Des journalistes économiques pleins
d’humour, de cynisme et de bon sens à la fois ont baptisé la crise
mexicaine de 1994 « d’onde Tequila ». Or et bien évidemment, au-delà de
la plaisanterie, ce sont les excès et les abus de la finance
internationale mal maîtrisée qu’il s’agit de pointer ici. Les effets en
sont étourdissants et dévastateurs autant que rapides en raison,
notamment, de l’intensité des relations des échanges commerciaux et de
la proximité géographique et culturelle des économies qui sont
concernées dans un monde qui se régionalise depuis la seconde guerre
mondiale.
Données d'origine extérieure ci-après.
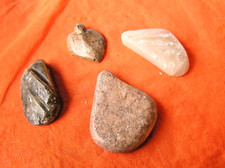 4 Anhänger  aus verschiedenem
Se met en place un véritable effet de contagion par le
commerce international et par les pertes financières communes, par
lequel un investisseur se dégage d’une position parce que d’autres le
font. Même si c’est en Thaïlande qu’elle s’ouvre en juillet 1997, la
crise s’étend en effet en quelques semaines en Indonésie, en Malaisie
puis aux Philippines (c’est-à-dire à l’ensemble des Tigres) puis en
Corée du Sud, à Singapour, à Hong-Kong et Taïwan (c’est-à-dire cette
fois aux Dragons) où les conditions sont identiques. Enfin, la contagion
gagne la Russie et les Pays d’Europe Centrale et Orientale (PECO) dès
1998, la République tchèque est atteinte tout comme la Hongrie, les
capitaux refluent. L’Europe a eu chaud mais déjà une nouvelle vague de
crise se prépare au Brésil où elle éclatera en 1999, puis en Argentine
en 2000.
Après des années de profits élevés dans les économies
émergentes, la « prudence » financière a donc ramené les capitaux
internationaux sur les lieux anciens du capitalisme américain et
européen au début du 21e siècle. Peut-être moins profitables, sûrement
mieux encadrés, ces économies n’en sont pas plus sages ni mieux régulés
pour autant, comme l’attestent les deux crises financières des années
2000 dont l’origine est clairement à trouver dans les excès des systèmes
financiers notamment aux Etats-Unis.